A lot has changed here-there seems to be almost a desire to move this place away from the backpacker haven it used to be towards the more upscale family oriented resort island.  A new resort has been built on the shabby east side where we stay and gone are the DVD’s for sale and the movies playing in the restaurant at night and even the bookstores are gone here.  The place is riddled with Russians, the retired and little kids with their parents.  I certainly don’t expect a place to never change-beautiful places inevitably get discovered and I have no more claim to this area than anyone else who is here, but as M says, he feels maybe a small piece of his love for this place dies each time he comes here and we wonder if anyplace is unspoiled anymore.  Maybe there are no more secret places and we don’t deserve to know about them anymore than anyone else.  We are also here to take, exploit and leave…

Today our place was descended upon by a massive family of monkeys-they ran all along the rooftops, rifling through the garbage cans and tipping them over, pulling out 1/2 full yoghurt containers and first eating with a spoon and then their hands by the dripping handful.  Some annoyingly loud newcomers to our bungalow strip started feeding them biscuits only to have the package ripped from his hand as the little fucker ran for the rooftop.  From the asshole monkeys, to the bitchy woman in the mini-mart to ourselves-we are all here to take from each other what we can get. 

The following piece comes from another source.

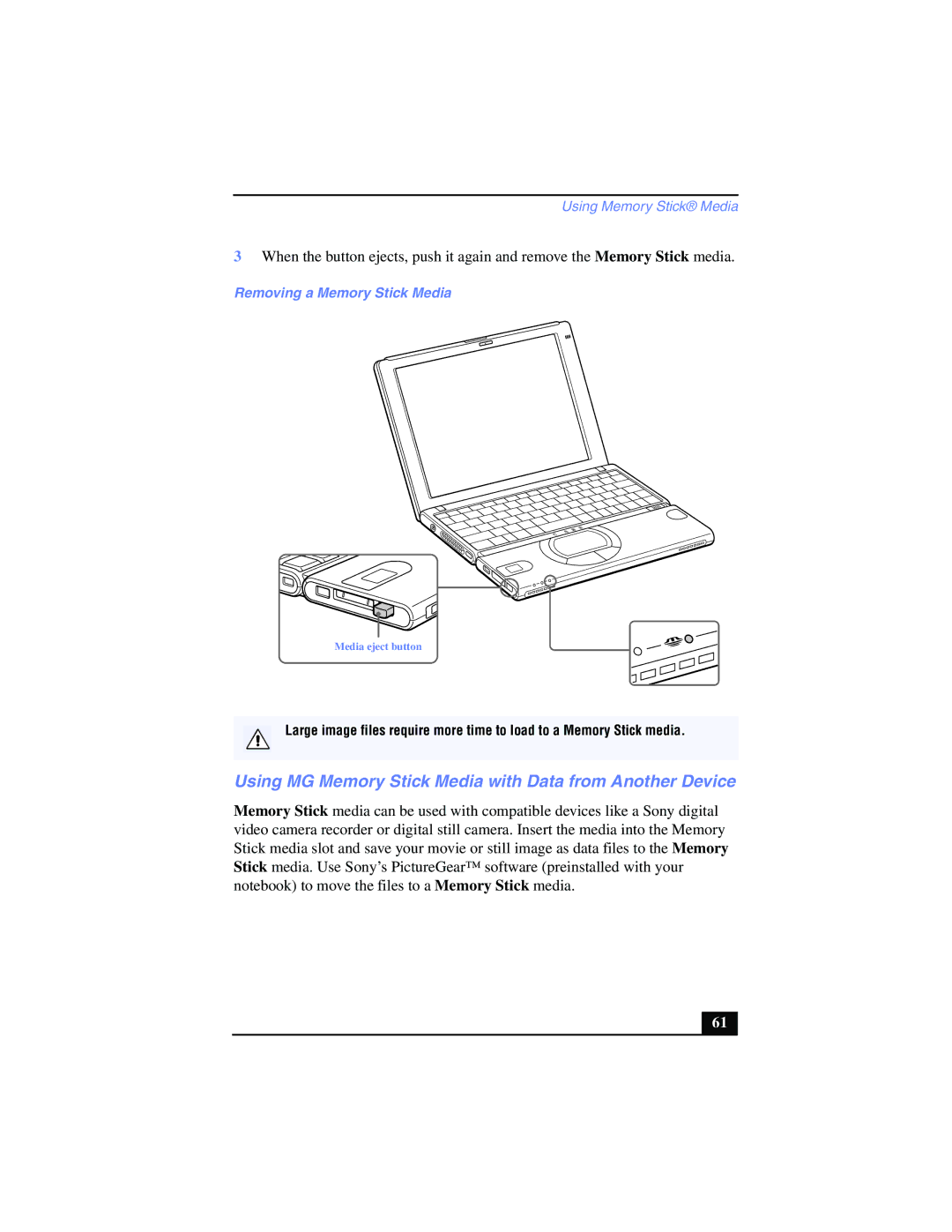 Sony PCG-SR17K manual Using MG Memory Stick Media with Data from Another Device, Removing a Memory Stick Media 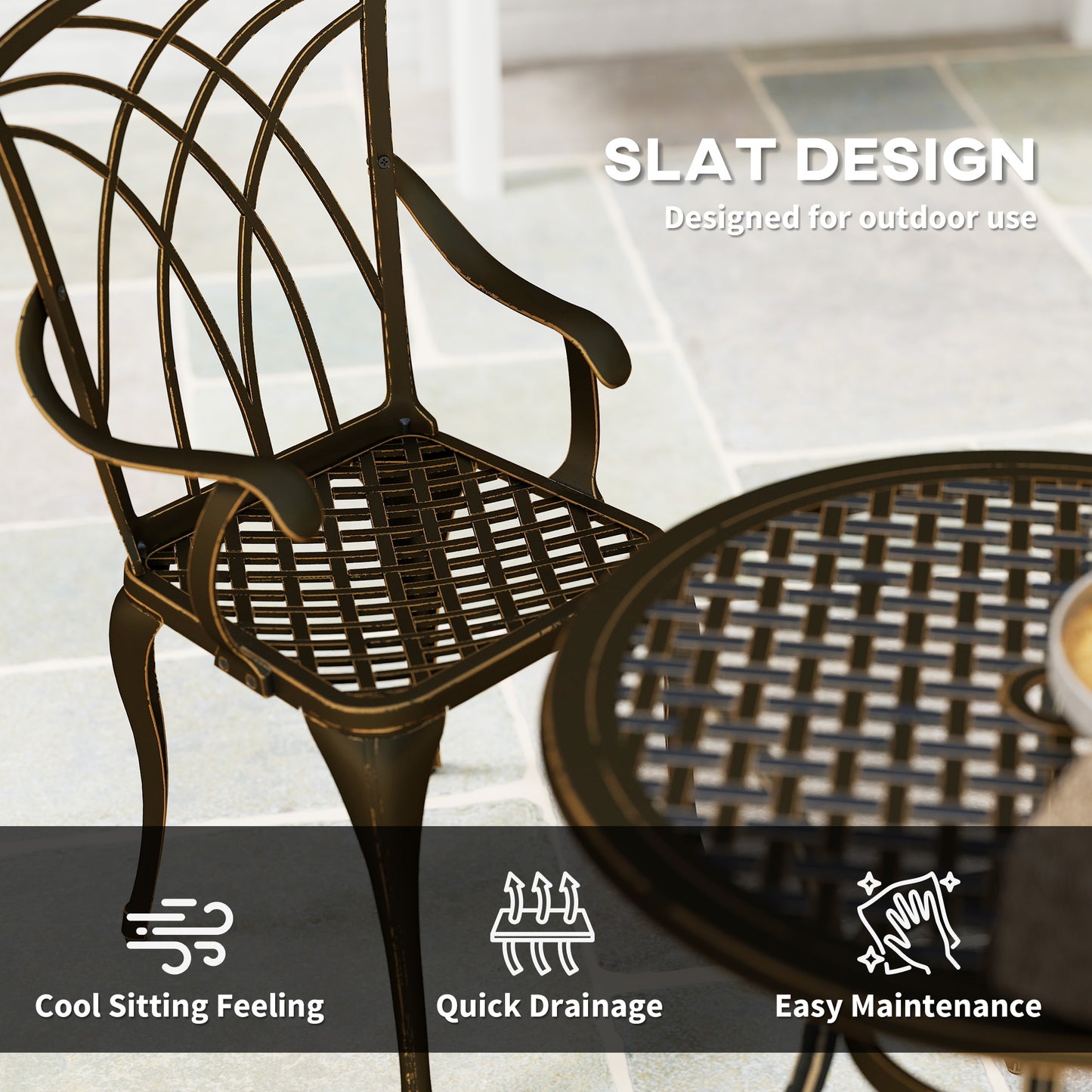 Outsunny 5 Pieces Garden Dining Set for 4, Cast Aluminium Outdoor Dining Set with 4 Armchairs and Round Dining Table with Parasol Hole, Garden Furniture Bistro Set, Bronze Tone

November 10 was Loy Kratong-an important holiday for Thais and apparently the last major one until New Years.   Beautiful “Kratong” are constructed from plants and flowers-a base made of a sawed segment of some kind of tree and is covered in orchids, marigolds and banana leaves, intricately folded with candles and sticks of incense in the middle.  You can make these yourself or purchase one.  The owner adds a piece of fingernail and a hair and a few baht as an offering to the goddess spirits of the water.  Then the Kratong is held up to the owners heads while they make a wish or prayer and the Kratong is held up to the owners head and placed on the water to float away (after lighting the candles and incense, of course).  The sea was all lit up with Kratongs and people were also shooting off fireworks and lanterns that float through the sky by flame.  On Railay, the Kratong celebration seemed relatively small and subdued compared to what I imagine would be taking place in BKK on the Chao Praya where the residents must have a lot to say to the river spirits.  But it was still beautiful and we sat on a second story platform open bar with pillows under the full moon and tamarind trees to watch it all take place.

Earlier I watched a woman meticulously constructing her kratong and I wondered about the sense of importance this had for her or if it was just a tradition that one does without spiritual ceremony, like putting up a Xmas tree out of annual habit.  Or was the careful placement of each folded leaf imbued with her hopes and wish and maybe this was a really big deal?  To construct something so beautiful but transient reminded me of buddhist mandalas made of sand and the next morning when we saw a few orchids and other bits washed ashore I thought of all those hairs, fingernails and coins sinking to the bottom in the dark water while their owners lay dreaming of their dreams full of food and drink…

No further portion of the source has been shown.